Abstract:
These 1-m vertically binned concentration data were collected with the In Situ Ichthyoplankton Imaging System (ISIIS) to describe the distribution and concentration of organisms along a transect immediately downstream of the Mobile Bay plume. Data were collected from the R/V Point Sur cruise PS16-20 as part of the CONCORDE program to examine how variable river discharge affects larval fish fine-scale distributions and predator-prey spatial relationships. Larval fishes, their planktonic prey (calanoid copepods), and gelatinous planktonic predators (ctenophores, hydromedusae, and siphonophores) were sampled across multiple freshwater pulses exiting Mobile Bay in the northern Gulf of Mexico (USA) during a large freshwater discharge event (2016-04-09 - 2016-04-11). Sampling transect 023 was carried out during daylight (April 9, 2016 10:13-13:52 CDT), while transects 024 (April 9-10, 2016 21:27-02:11 CDT) and 026 (April 10-11, 2016 21:04-00:42 CDT) were conducted at night. A sparse Convolutional Neural Network (sCNN) automated classification of different organisms within the ISIIS images.
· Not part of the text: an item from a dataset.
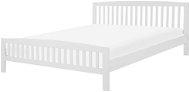 BELIANI postel CASTRES 180 × 200 cm, dřevěná, bílá - Postel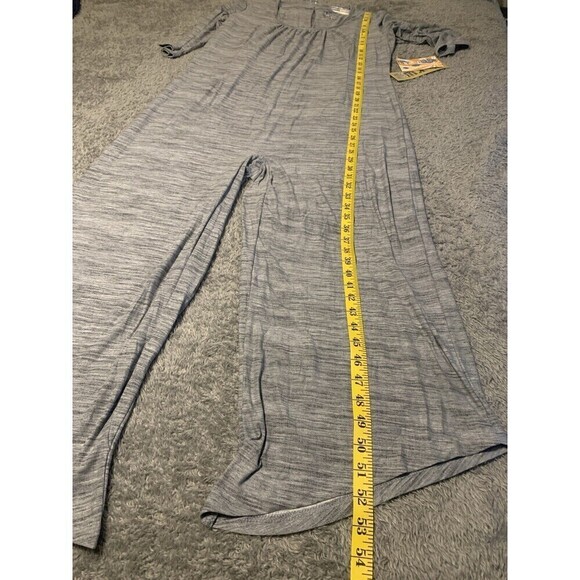 NWT Woman's Original Muk Luks One Piece Romper  Size Med Gray Cloud Knit - Picture 9 of 9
The data include 1-m vertically binned concentrations for each listed plankton taxa along with corresponding average environmental data (temperature, salinity fluorescence, oxygen, PAR) and example images of the inventoried taxa. Due to its size, the entire library of images is not available but may be requested from the dataset author.
Suggested Citation:
Axler, Kelia, Christian Briseño-Avena, Su Sponaugle, Frank Hernandez, Adam Greer, and Robert Cowen. 2020. In Situ Ichthyoplankton Imaging System (ISIIS) classified taxa concentrations and environmental metadata for 3 transects from the Mobile Bay plume process study, R/V Point Sur cruise PS16-20 (PTS02), 2016-04-09 to 2016-04-11. Distributed by: GRIIDC, Harte Research Institute, Texas A&M University–Corpus Christi. doi:10.7266/9211C8TM
Data Parameters and Units:
The concentration data are contained in four worksheets. The first contains an explanation of parameters for each transect. Each of the remaining worksheets details the concentrations for one of the three transects. Parameters are:
TIME_START (CDT, [Matlab format]), TIME_STOP (CDT, [Matlab format]), BIN_MIDDEPTH_M [m], LATITUDE_DEG [decimal degrees N], LONGITUDE_DEG [decimal degrees E], TEMPERATURE_DEG_C [degrees C], SALINITY, FLUORESCENCE_VOLTS [V], PAR_UE_PER_M2 [uE/m^2], O2_mg_PER_L [mg/L], DENSITY_Sigma (sigma, [kg/m^3]), and observed taxa concentrations [individuals/m^3]: fish, Engraulidae, Gobiidae, Microdesmidae, Ophidiidae, Unknown, Plueronectiformes, Scorpaenidae, Sciaenidae, Calanoid copepods, Ctenophores, Hydromedusae, and Siphonophores.
Methods:
Images of fish larvae and zooplankton were captured using the ISIIS, a towed shadowgraph imager that uses a line-scan camera to sample large volumes of water (150-185 L s-1). Two cameras imaged zooplankton between approximately 500 µm and 12 cm in length while simultaneously measuring salinity, temperature, and depth (Sea-Bird Electronics 49 FastCAT), dissolved oxygen (SBE 43), Chl-a fluorescence (Wet Labs FLRT), and photosynthetically active radiation (PAR; Biospherical QCP-2300). The images and oceanographic data are linked by a common timestamp, which enables a detailed description of the physical environment for each individual organism. A sparse Convolutional Neural Network (sCNN) was used to automate the identification of imaged taxa following Luo et al. (2018). Although 89 different classes of plankton taxa in the CONCORDE data and 693 million images were automatically identified from the three plume transects in our study, only key taxa that were deemed to be ecologically important predators or prey are presented in this data set. Plankton was combined into higher taxonomic groupings to enable the comparison of fish larvae with their prey (calanoid copepods) and predator groups (ctenophores, hydromedusae, and siphonophores). Images of larval fishes from each transect were extracted by the sCNN using the same automated methodology as the zooplankton imagery. However, automatically classified larval fishes were manually reviewed by a human expert to verify correct identifications and to achieve lower taxonomic classifications than the sCNN was trained to do. Taxa concentrations [ind. m^-3] were calculated by using the volume of water imaged, average tow speed, and time spent in each 1-m vertical bin. The length of each horizontal bin was roughly similar but varied slightly (<10s m) depending on the tow speed of the ISIIS vehicle and time spent in each 1-m vertical stratum.
Instruments:
Sea-bird Electronics SBE 43, Sea-bird Electronics 49 FastCAT, Biospherical QCP-2300, Wet Labs FLRT.